The Grand Hyatt is much more conveniently located. The Santiago metro station is about 1km (~0.6miles) away from the nearest subway system, so after settling into my room for a bit, I ventured out. The area around the Hyatts is mostly office space, and a large mall, but the area near the metro station has some nice looking cafes.

Santiago Metro

Santiago Metro

Arriving at the Manquehue metro station, after some mad gesturing on my part, I managed to get myself a BIP (their metro card) and got it recharged for enough money to take me to town. After studying the metro map for a bit, I concluded the Plaza de Armas station will allow me to hit most of the central attractions.

Taking the metro in Santiago was an amazing experience. I’m not sure if this is a regular feature, or a standard feature, but they had the poetry of the most famous Chilean poets plastered along the interior of the metro car, so you can read some poetry on your train ride, should you have forgotten to take your reading material. This was also a reminder for me to go get a copy of Pablo Neruda’s works. Exiting the metro car at Plaza de Armas station, they also have a little branch of the Santiago library network for those who wish to borrow/return books. It’s really an excellent system if you want to encourage more literacy in a culture.

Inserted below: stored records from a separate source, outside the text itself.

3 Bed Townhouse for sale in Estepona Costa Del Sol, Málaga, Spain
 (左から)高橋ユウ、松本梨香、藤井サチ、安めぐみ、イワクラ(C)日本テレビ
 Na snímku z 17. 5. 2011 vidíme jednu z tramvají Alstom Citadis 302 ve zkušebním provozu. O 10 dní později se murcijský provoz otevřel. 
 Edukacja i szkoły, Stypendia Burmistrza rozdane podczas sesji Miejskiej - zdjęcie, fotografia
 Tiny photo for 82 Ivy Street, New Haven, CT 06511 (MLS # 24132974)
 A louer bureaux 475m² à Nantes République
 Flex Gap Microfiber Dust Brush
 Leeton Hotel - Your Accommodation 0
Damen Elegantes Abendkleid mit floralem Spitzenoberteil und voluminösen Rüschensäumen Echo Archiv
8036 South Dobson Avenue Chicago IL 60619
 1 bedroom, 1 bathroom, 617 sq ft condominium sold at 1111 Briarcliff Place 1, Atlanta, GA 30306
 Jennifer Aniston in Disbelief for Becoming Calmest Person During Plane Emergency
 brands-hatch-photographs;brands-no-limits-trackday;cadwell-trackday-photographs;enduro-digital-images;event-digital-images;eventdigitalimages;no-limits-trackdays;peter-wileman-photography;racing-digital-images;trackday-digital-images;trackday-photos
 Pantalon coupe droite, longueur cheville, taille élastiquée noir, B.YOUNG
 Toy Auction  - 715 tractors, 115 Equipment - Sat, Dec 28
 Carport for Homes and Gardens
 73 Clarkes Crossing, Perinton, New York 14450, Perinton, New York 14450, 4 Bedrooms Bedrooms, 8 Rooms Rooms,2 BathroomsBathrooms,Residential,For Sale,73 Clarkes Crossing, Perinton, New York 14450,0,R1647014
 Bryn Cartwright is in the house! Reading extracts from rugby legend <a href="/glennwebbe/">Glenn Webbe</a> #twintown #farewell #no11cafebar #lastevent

Love the little library at Plaza Armas Metro station, Santiago

I actually just walked around the town square for a little bit, around the Catedral Metropolitana de Santiago and the post office. These are very imposing structures, and in the main square, there’s a nice little pavilion, where a very intense chess tournament was going on at this point. Taking a right street, there were shops on both sides of the street. Some of these doors actually opened into large modern malls. Santiago has some cool traffic signals. When the man turns green, the LEDs actually move, to reflect how much time you have left for the crossing. For instance, when you’re left with less than ten seconds, the LED will start making rapid long strides to urge some urgency in your crossing. Also, I don’t quite know what to make of Santiago. I tried to walk towards the market, but as I was doing that, through some mad gesturing, some cops on patrol indicated to me that the area is not safe, not particularly because I had my camera slinging around.

Serious chess going on at Plaza Armas, Santiago

Post Office, Santiago

I was getting to the point of fatigue on the trip, and started seeking the familiar, so I simply ducked into the mall, and got some KFC, because I’ve been craving for fried chicken for a while. After stuffing my face, I simply took a metro back to the hotel, and enjoyed the complimentary evening hors d’oeuvres, which was excellent. The Grand Hyatt Club Lounge also offers a gorgeous view of the Andes. As the sun slowly set, I saw the different cars winding down the same snowy hairpins that I descended the night before.